- DATA UNDER STUDY -

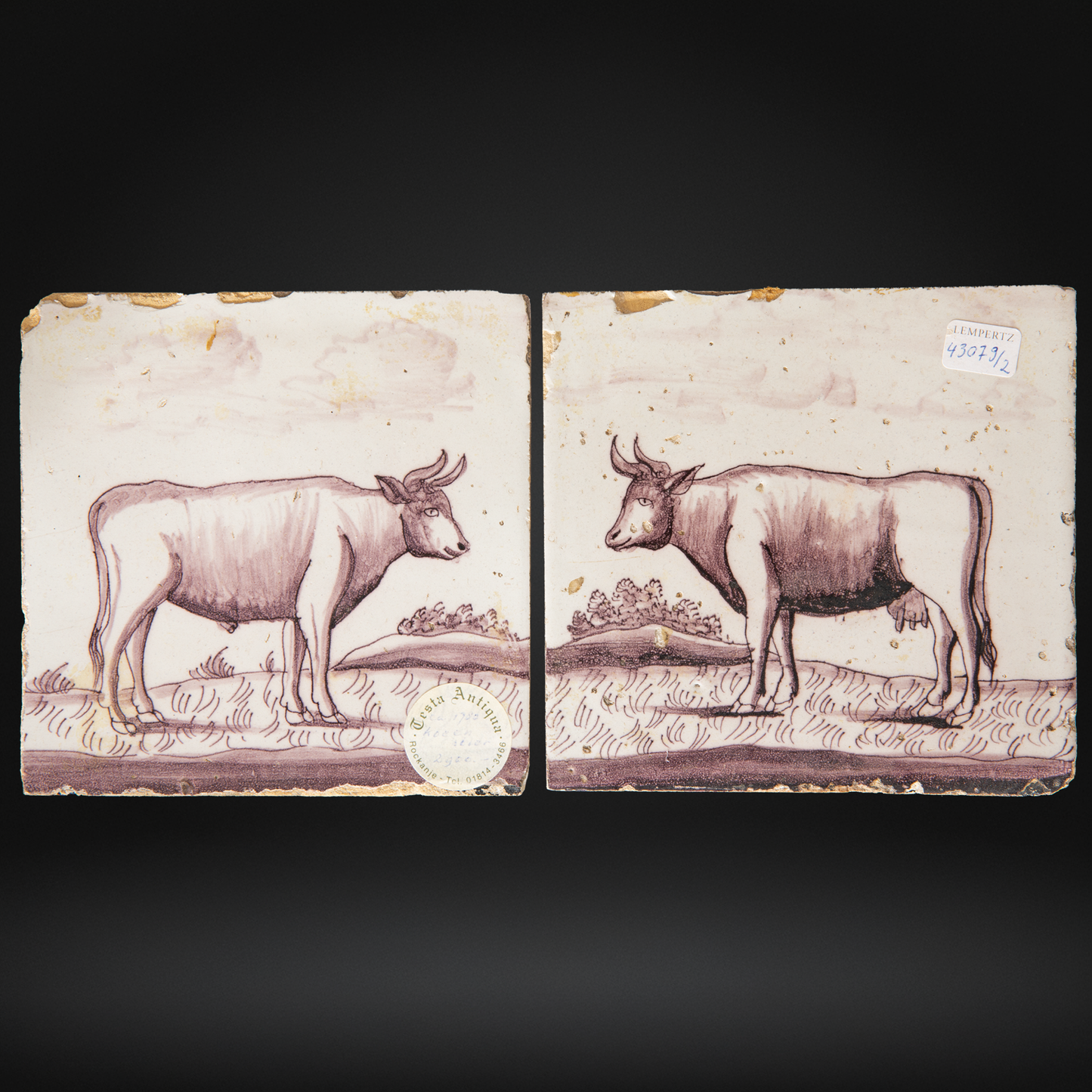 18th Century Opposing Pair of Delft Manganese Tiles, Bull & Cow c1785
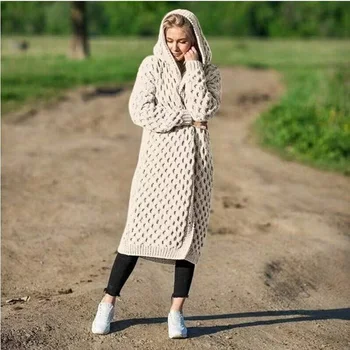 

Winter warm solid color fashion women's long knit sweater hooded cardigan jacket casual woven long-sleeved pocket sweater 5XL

==

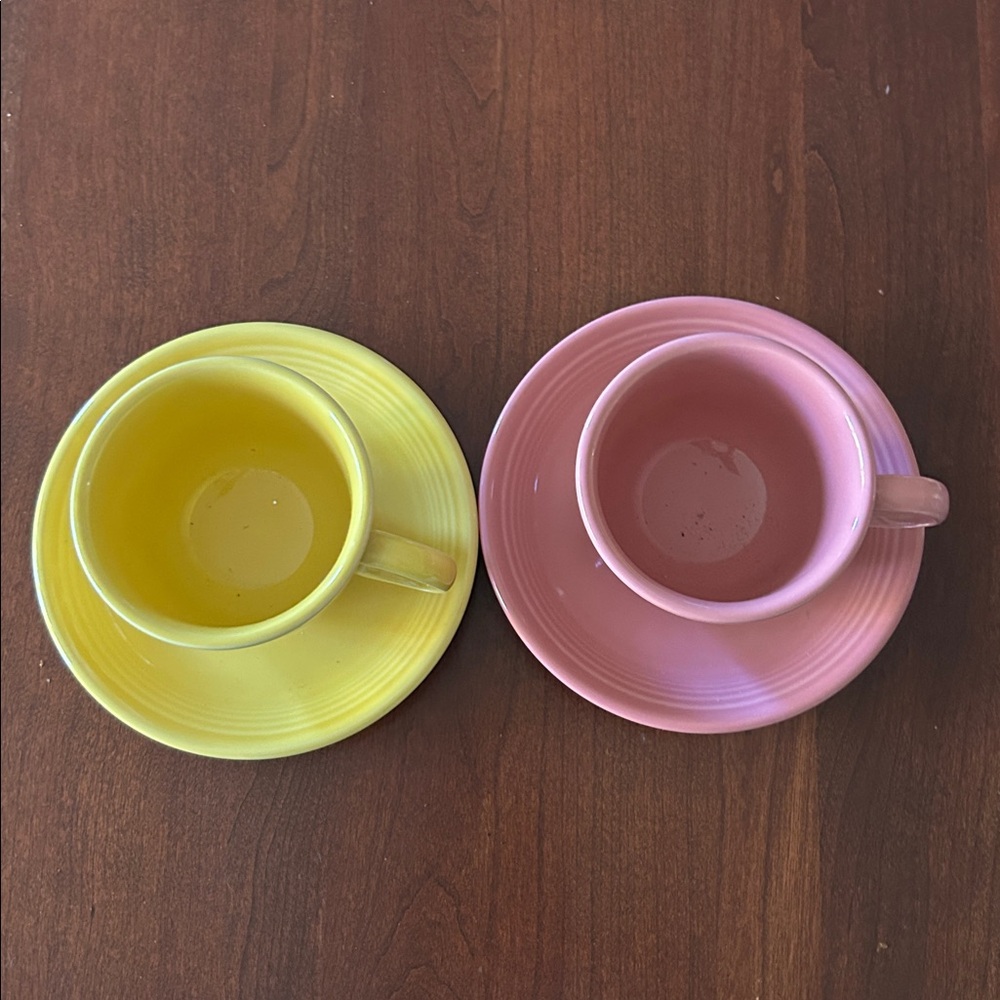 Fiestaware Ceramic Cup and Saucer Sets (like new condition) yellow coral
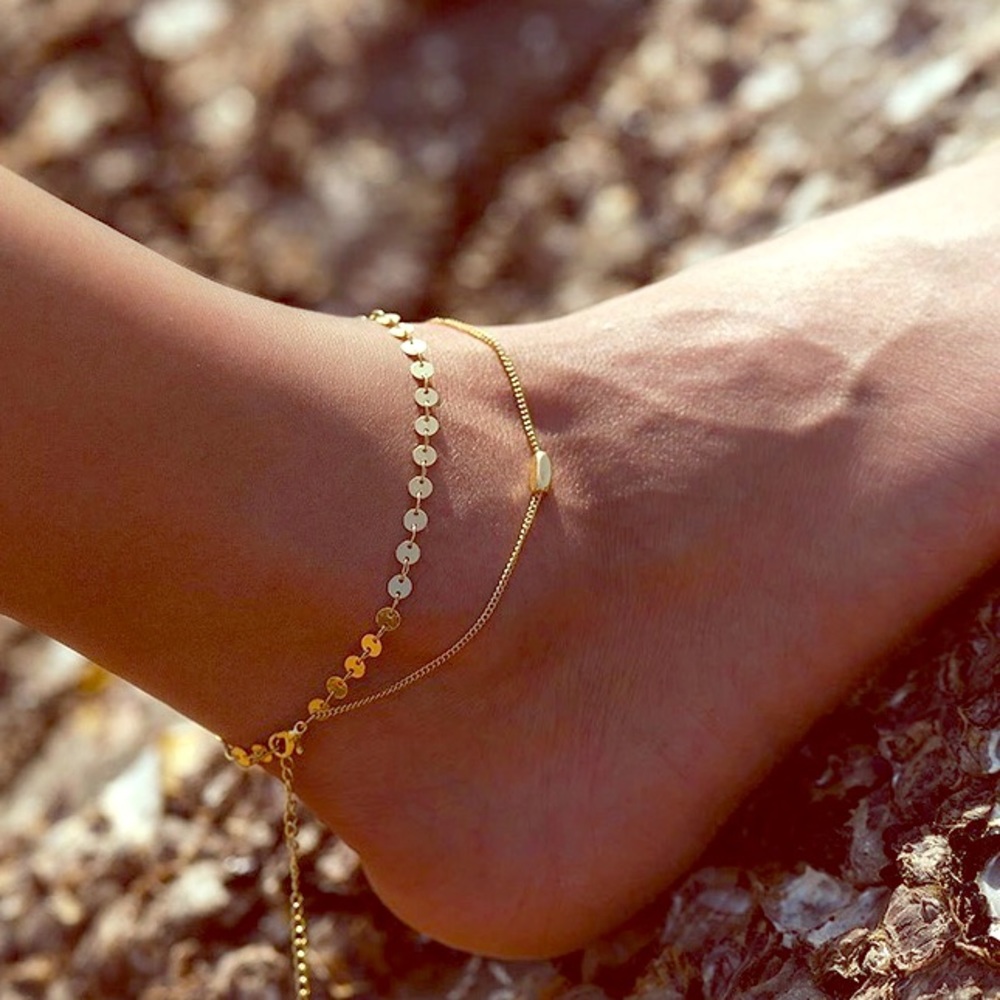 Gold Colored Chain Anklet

- ASSIGNED TASK -
Your reply should hold nothing but the lines above, from the one containing "18th Century Opposing" to the one containing "Winter warm solid", reproduced exactly minus the pictures.

- REPLY TO THE TASK -
 18th Century Opposing Pair of Delft Manganese Tiles, Bull & Cow c1785

Winter warm solid color fashion women's long knit sweater hooded cardigan jacket casual woven long-sleeved pocket sweater 5XL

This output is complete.